━━ DATA PROVIDED
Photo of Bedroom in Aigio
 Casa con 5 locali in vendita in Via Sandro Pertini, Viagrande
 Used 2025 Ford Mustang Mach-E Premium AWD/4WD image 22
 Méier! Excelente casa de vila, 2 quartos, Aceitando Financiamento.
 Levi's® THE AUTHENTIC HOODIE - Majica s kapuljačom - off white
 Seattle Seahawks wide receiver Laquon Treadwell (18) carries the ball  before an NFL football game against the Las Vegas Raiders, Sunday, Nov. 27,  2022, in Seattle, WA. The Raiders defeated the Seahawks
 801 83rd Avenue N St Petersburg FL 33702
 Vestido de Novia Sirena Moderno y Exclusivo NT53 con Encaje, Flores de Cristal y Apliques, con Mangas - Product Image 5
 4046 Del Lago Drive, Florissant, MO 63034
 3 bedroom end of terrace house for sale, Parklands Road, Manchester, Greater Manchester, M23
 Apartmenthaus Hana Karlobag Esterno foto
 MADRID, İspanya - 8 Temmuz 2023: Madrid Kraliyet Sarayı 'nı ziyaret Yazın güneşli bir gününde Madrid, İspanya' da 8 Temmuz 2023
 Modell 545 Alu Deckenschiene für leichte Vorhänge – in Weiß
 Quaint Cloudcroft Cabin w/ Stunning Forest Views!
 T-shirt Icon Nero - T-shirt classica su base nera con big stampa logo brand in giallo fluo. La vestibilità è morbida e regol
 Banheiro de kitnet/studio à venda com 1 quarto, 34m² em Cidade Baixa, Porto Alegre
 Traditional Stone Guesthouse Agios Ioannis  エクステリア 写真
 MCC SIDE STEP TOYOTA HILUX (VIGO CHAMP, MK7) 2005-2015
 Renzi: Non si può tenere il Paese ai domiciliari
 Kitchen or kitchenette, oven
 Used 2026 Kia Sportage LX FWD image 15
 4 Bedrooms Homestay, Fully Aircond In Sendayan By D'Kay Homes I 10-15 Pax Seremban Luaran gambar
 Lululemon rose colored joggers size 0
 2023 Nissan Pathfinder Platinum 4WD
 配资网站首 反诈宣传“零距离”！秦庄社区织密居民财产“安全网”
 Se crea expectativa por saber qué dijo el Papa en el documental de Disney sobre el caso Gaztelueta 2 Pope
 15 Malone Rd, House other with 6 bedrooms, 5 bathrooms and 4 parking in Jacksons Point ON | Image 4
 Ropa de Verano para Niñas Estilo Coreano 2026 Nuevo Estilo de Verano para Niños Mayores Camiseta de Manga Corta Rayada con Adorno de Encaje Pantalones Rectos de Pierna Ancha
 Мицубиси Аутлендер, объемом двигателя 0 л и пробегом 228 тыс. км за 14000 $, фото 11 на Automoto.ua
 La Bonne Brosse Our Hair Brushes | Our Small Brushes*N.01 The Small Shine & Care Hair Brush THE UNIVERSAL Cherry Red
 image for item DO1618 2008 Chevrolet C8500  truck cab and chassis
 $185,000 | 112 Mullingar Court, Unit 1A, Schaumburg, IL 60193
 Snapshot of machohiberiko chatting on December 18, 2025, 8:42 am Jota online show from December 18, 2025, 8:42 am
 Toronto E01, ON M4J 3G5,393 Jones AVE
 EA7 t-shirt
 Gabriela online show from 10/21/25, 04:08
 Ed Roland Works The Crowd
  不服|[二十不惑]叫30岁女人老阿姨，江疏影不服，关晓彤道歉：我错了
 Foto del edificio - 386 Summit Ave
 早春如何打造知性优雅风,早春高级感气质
━━━━
# PROBLEM STATEMENT:
Reproduce verbatim only this range: the first line of the material through the line that contains "Levi's® THE AUTHENTIC", inclusive.

# FINISHED EXERCISE:
Photo of Bedroom in Aigio
 Casa con 5 locali in vendita in Via Sandro Pertini, Viagrande
 Used 2025 Ford Mustang Mach-E Premium AWD/4WD image 22
 Méier! Excelente casa de vila, 2 quartos, Aceitando Financiamento.
 Levi's® THE AUTHENTIC HOODIE - Majica s kapuljačom - off white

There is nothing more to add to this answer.